Chapter 26
It is the greatest pleasure of my life, to watch my mate come apart at my touch. To hear her cry out my name, demanding more, and shudder all around me, and then to hold her as her breathing evens out, her eyes closed.
She is brave, and smart, and kind, and I have never felt so lucky as I do with her at my side. My heart is fit to burst. I never thought I would have this joy, and I want to hold her tight to me forever.
"I love you, Lana Kit. I love you." I whisper again.
She inhales deeply. She is not asleep. Her body tenses next to mine, and I half-hope she will ignore it. I can feel her angst wash over me, replacing the contentment she'd radiated only a moment before.
She doesn't love me. She doesn't love me back. Sorrow washes over me. Lana doesn't love me, and I've taken her ability to return to her home.
I never deserved her love, anyway. I can still try to earn it.

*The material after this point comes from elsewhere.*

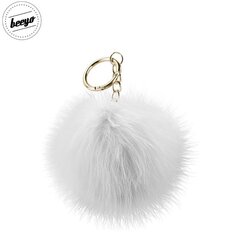 Beeyo Soft Fluffy Ring the Pompom & Smartphone Finger Holder and Stand Gadget White/Gold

I'll get her sister back from Lesath.
I extract my arm from under her head, moving carefully so as not to disturb her. I've already disturbed her enough. I pull on the pants, fastening them as I form a plan.
I'll leave now. Lesath's home is no more than a day's journey. I'll arrive by morning, I'll take her sister, and Lana will be happy.
I close the door behind me, my mate's unhappiness fading the further I get from her. Gritting my teeth, I practically run through the house, barely letting the front door shut behind me before I rip into my lion form.
I've already pushed myself past exhaustion today. Logic tells me now is not the time to seek a fight with Lesath over his mate. My heart tells me Lana will not accept me fully until she has her sister. With the vow working through my blood, my bones, the oath I swore to her to find her sisters, I cannot think straight.
I'm past reason.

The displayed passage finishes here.